## YOUR INSTRUCTIONS:
Return only the lines running from the one that contains "Carried by Grace" through the end of the entries, exactly, both ends included. Omit pictures.
++++++++
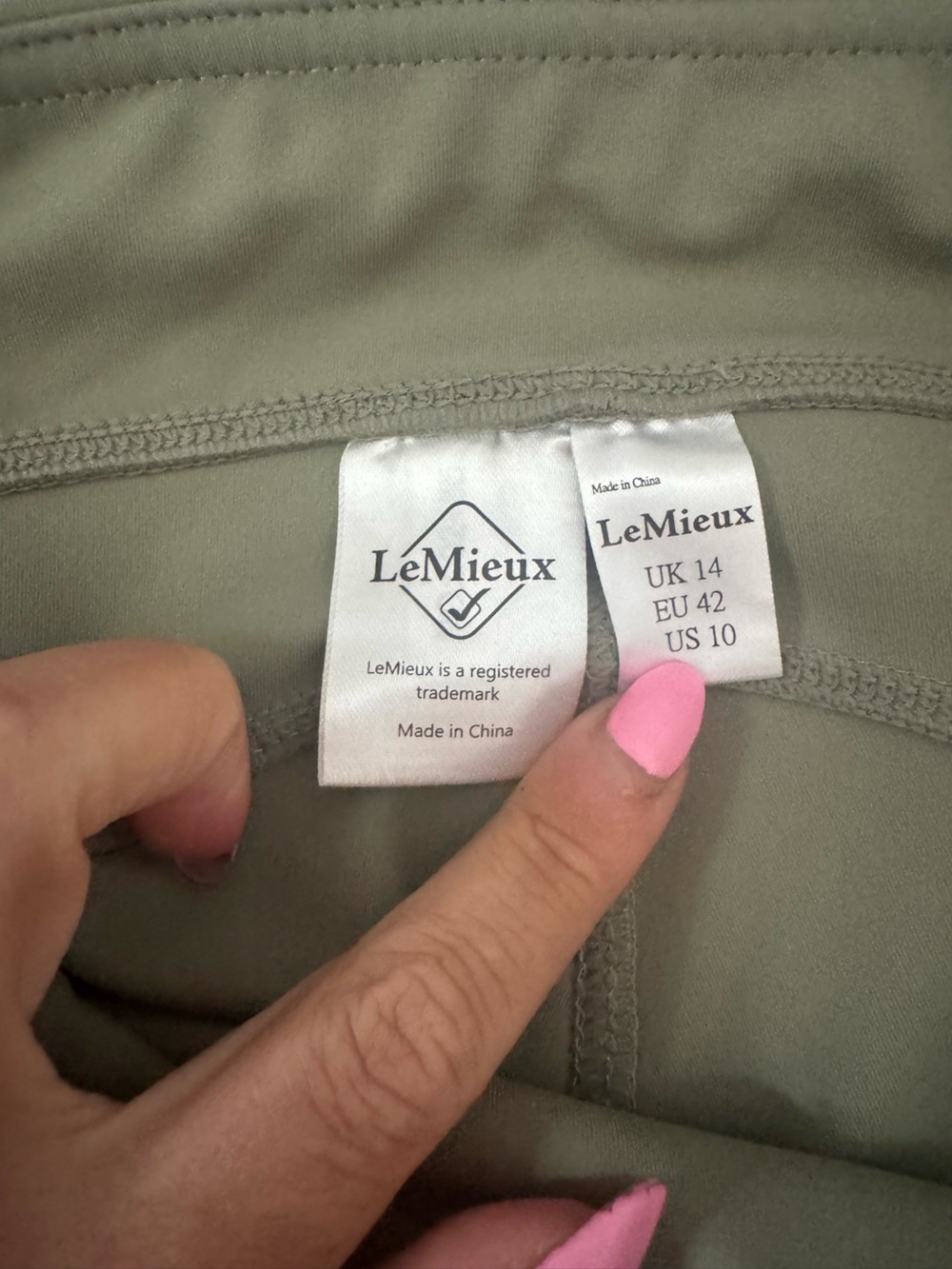 LeMieux Naomi Pull On Breech - Fern- Full Seat Silicone Grip - Size UK14/ US10 - Picture 9 of 14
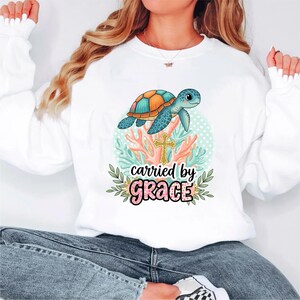 Carried by Grace png | Sea Turtle Christian Sublimation Design | Bible Verse Summer Shirt | Faith Cross print for dtf & dtg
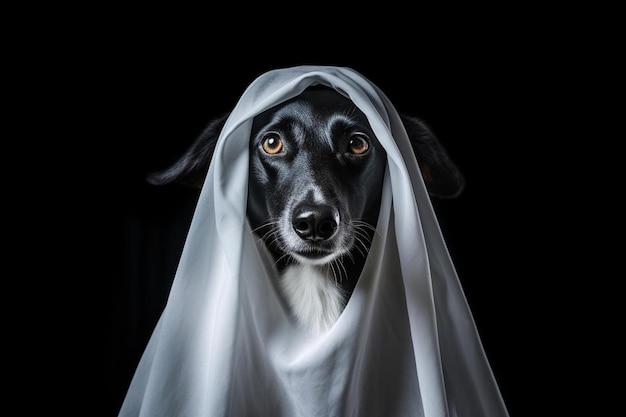 Photo a dog with a white sheet on its head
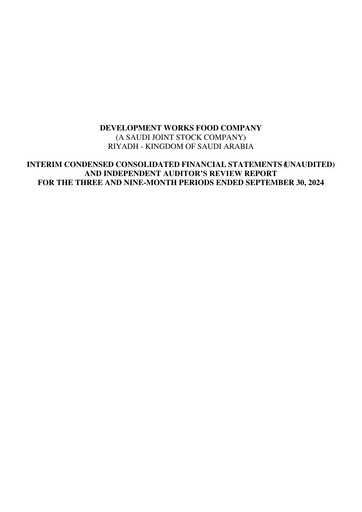 Miniature Development Works Food Company Rapport trimestriel 2024-q3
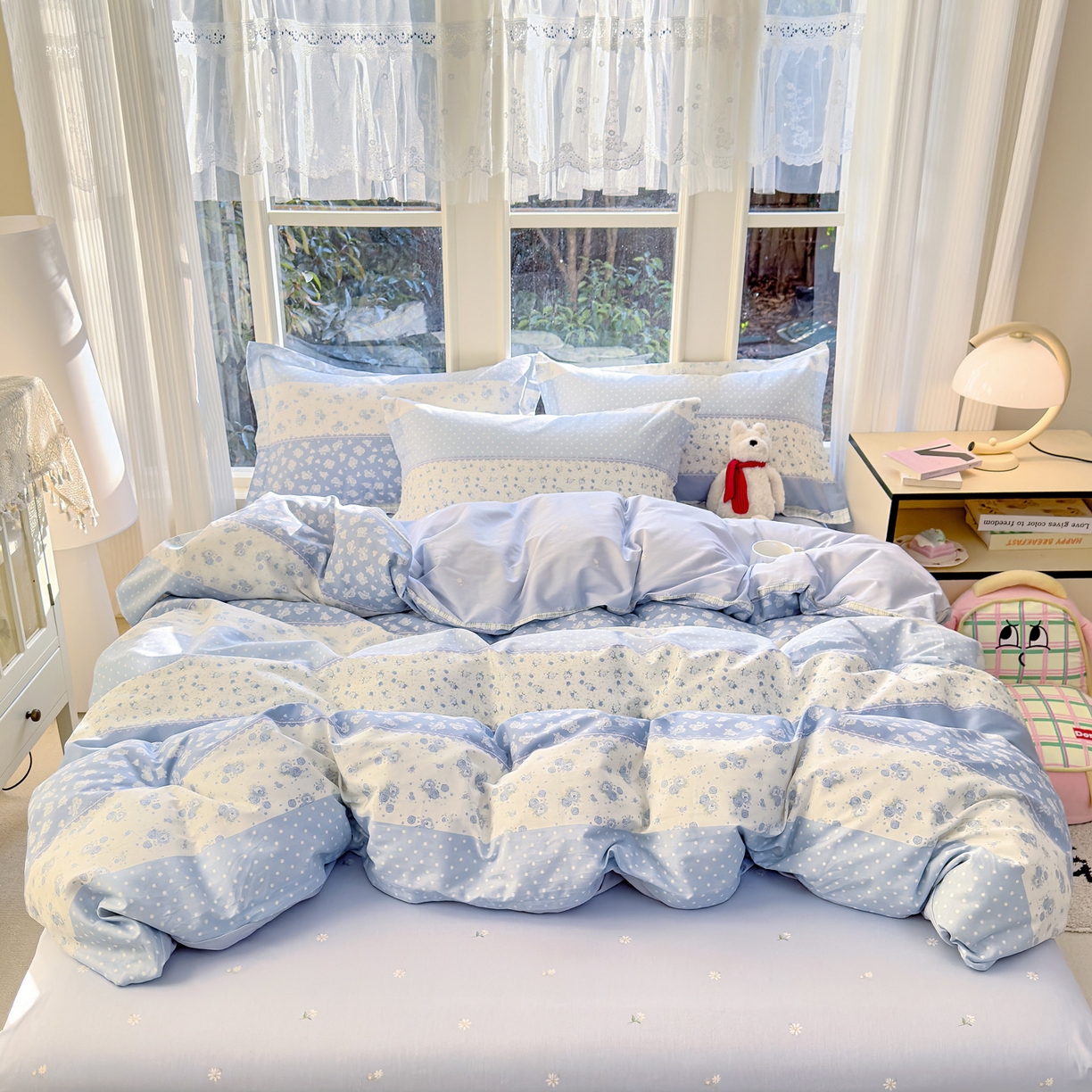 91家纺网 家纺一手货源 找家纺 洺兰家居 2026新款全棉纯棉13070小清新印花四件套 蓝调记忆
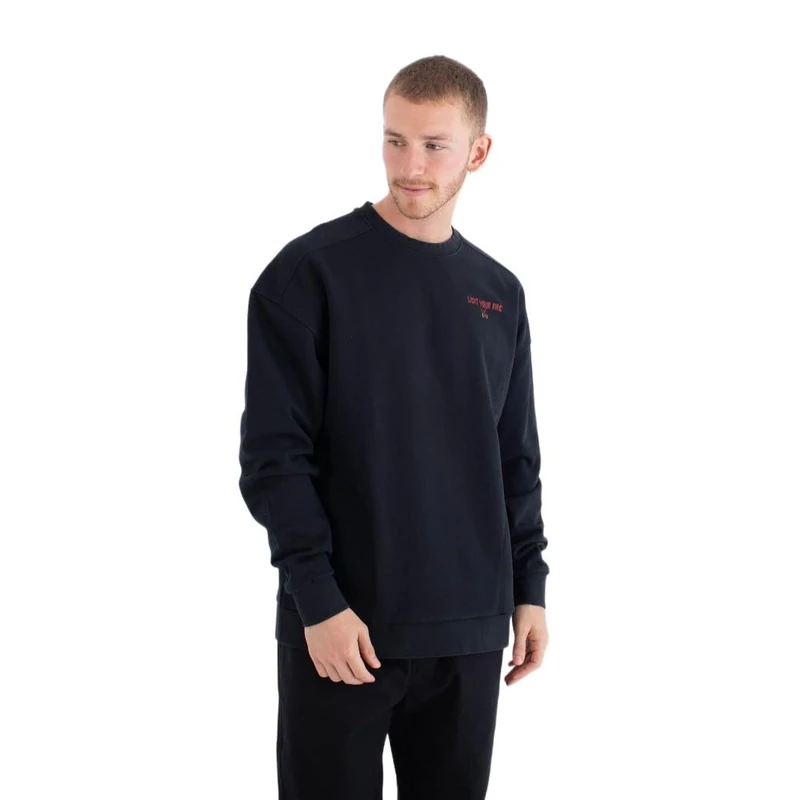Hurley Built Fire Peace Crew Fleece Top - Black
++++++++
## WRITTEN RESPONSE:
 Carried by Grace png | Sea Turtle Christian Sublimation Design | Bible Verse Summer Shirt | Faith Cross print for dtf & dtg
 Photo a dog with a white sheet on its head
 Miniature Development Works Food Company Rapport trimestriel 2024-q3
 91家纺网 家纺一手货源 找家纺 洺兰家居 2026新款全棉纯棉13070小清新印花四件套 蓝调记忆
Hurley Built Fire Peace Crew Fleece Top - Black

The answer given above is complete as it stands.